According to podiatrist Dr. Bruce Pinker (yes, that really is his name), the purpose of the pinky toe is to provide balance and propulsion. “As one takes a step, the foot rolls from lateral to medial in normal foot biomechanics.” The pinky toe acts in concert with the other toes as a type of tripod, helping to maintain balance and a straight gait.

Pretty important little appendage, this pinky toe, wouldn’t you agree?

Well, as it turns out, pinky toes are arguably pretty important in the body of Christ as well.

In 1 Corinthians 12 the apostle Paul writes, “God has set the members, each one of them, in the body just as He pleased. And if they were all one member, where would the body be? But now indeed there are many members, yet one body. And the eye cannot say to the hand, “I have no need of you”; nor again the head to the feet, “I have no need of you.” No, much rather, those members of the body which seem to be weaker are necessary. And those members of the body which we think to be less honorable, on these we bestow greater honor; and our unpresentable parts have greater modesty, but our presentable parts have no need. But God composed the body, having given greater honor to that part which lacks it, that there should be no schism in the body, but that the members should have the same care for one another. And if one member suffers, all the members suffer with it; or if one member is honored, all the members rejoice with it. - 1 Corinthians 12:18-26

It goes without saying that our God doesn’t make mistakes. He placed every member in the body where He wants them where they can make a contribution. That contribution may be obvious to others, but for many, it might remain largely unseen, maybe even hidden under a shoe.

At my workplace, I lead a technical platform support team. Now, I think my team performs one of the most important roles in the company, and I tell them so often.

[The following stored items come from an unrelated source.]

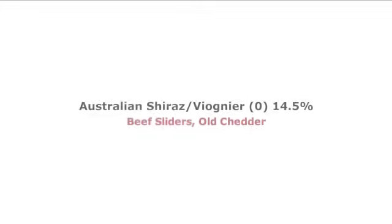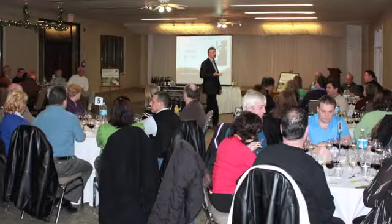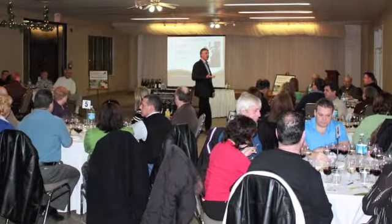Wine number three is Shiraz-Viognier. In this particular case it's about 95% Shiraz and 5% Viognier. So instead of your regular old Shiraz, this is just going to give it that little extra dimension of character to it.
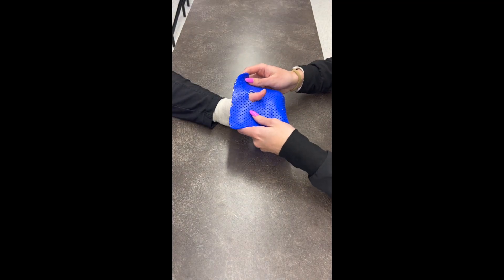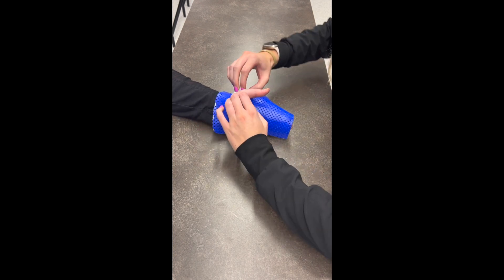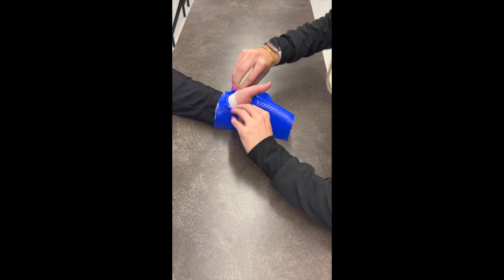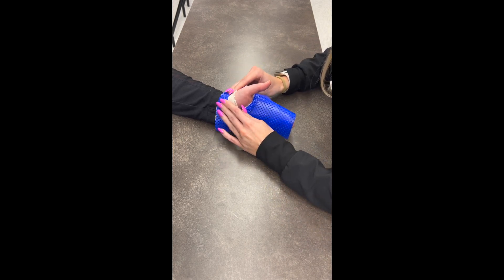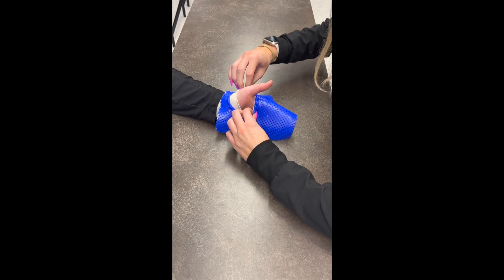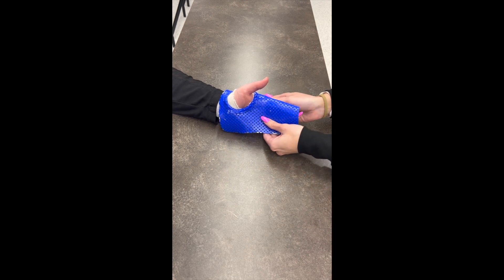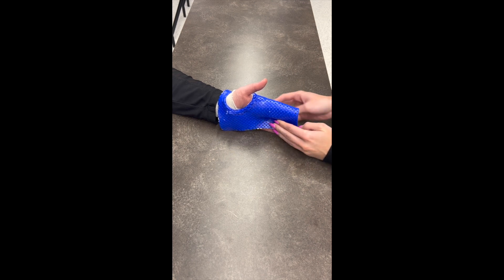When your materials are ready, you're first going to fabricate it around the thumb. You want to roll it out far enough so that you're not limiting any motion of the thumb. Then you can tack the material around the fingers — for this one, we're just doing the index and middle finger.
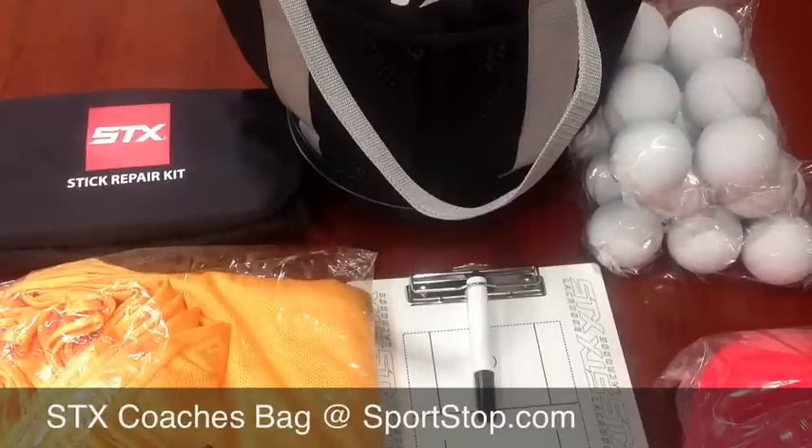It's a pretty comprehensive bag and a great addition to the STX accessory line. They're going to have it available for both guys and girls for fall 2013.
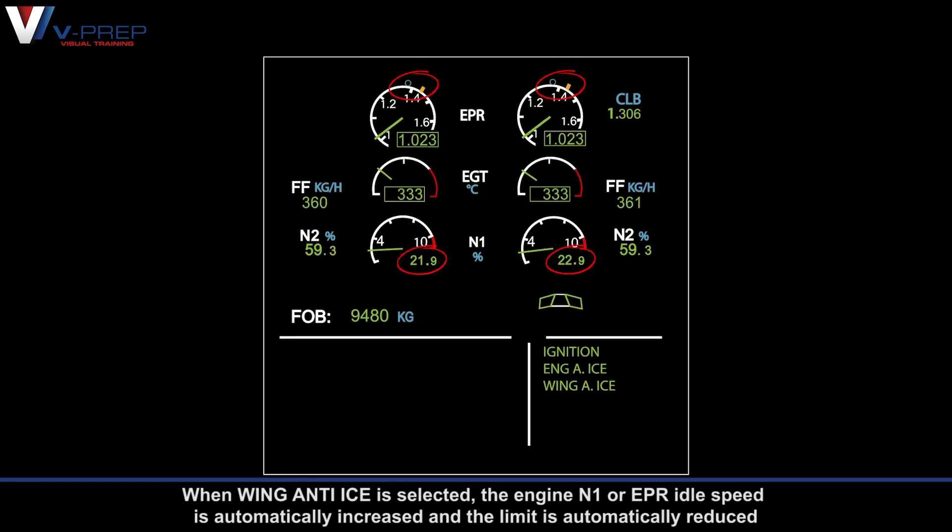When wing anti-ice is selected, the engine N1 or EPR idle speed is automatically increased and the limit is automatically reduced.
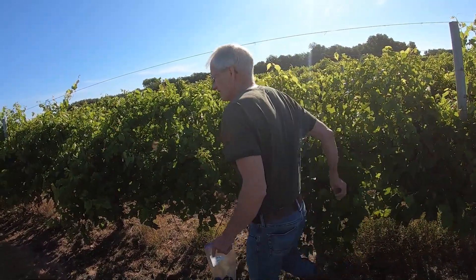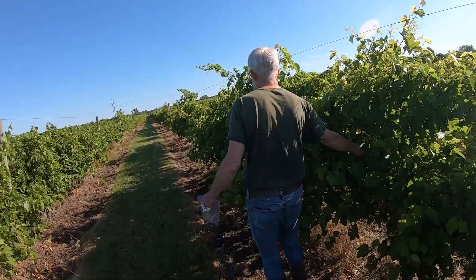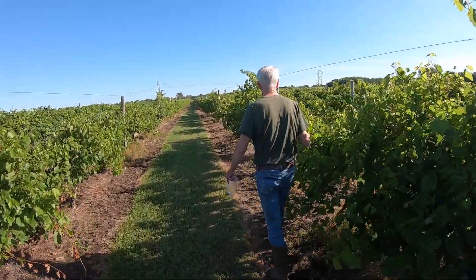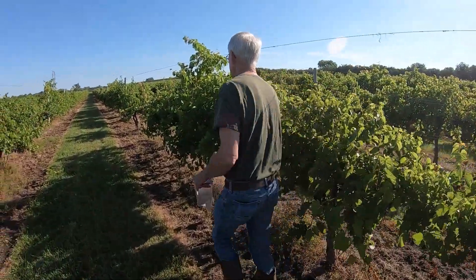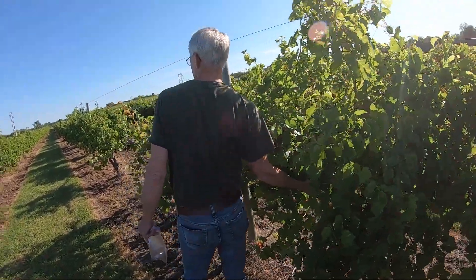Some people may do field sampling different ways, but that's how we've always done it and how we were taught. We'll get these samples back to the winery and run those two tests to see where we're at.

But the truth is, if they are doing their job well, they don’t get a lot of attention. They don’t receive a great deal of praise or recognition. If they did, that wouldn’t necessarily be a good thing—it would mean something is likely not working as it should. So they just go about doing their thing, day after day, week after week, month after month, year after year, operating in the shadows of the organization. I guess you could say they are faithful.

I occasionally hear brethren in the faith express discouragement because they feel they don’t have any gifts, that they don’t make a worthwhile contribution. But that flies in the face of what God, through Paul, clearly tells us.

Everyone has a purpose, even if it doesn't seem obvious to you.

Paul writes here in 1 Corinthians that God bestows greater honor on members we might think are less honorable. Why? So that there would be no schism, no division, in the body. Now, you may not be an eye, or a nose, or a mouth, but without that pinky toe to keep the body in balance, those “greater members” could potentially go wandering into the street, or worse, trip and crash into the pavement. God honors the role you play in His body, whatever form it takes.

Perhaps that role is that of an encourager. Maybe it is in the offering of effectual, fervent prayer for others. Or perhaps it’s the example you set of simply showing up faithfully week after week, month after month, year after year. 

Whatever that thing is, don’t undersell it. God has set you in the body where it has pleased Him. 

Your faithfulness makes a difference. It matters. You matter. Even if you are only a pinky toe.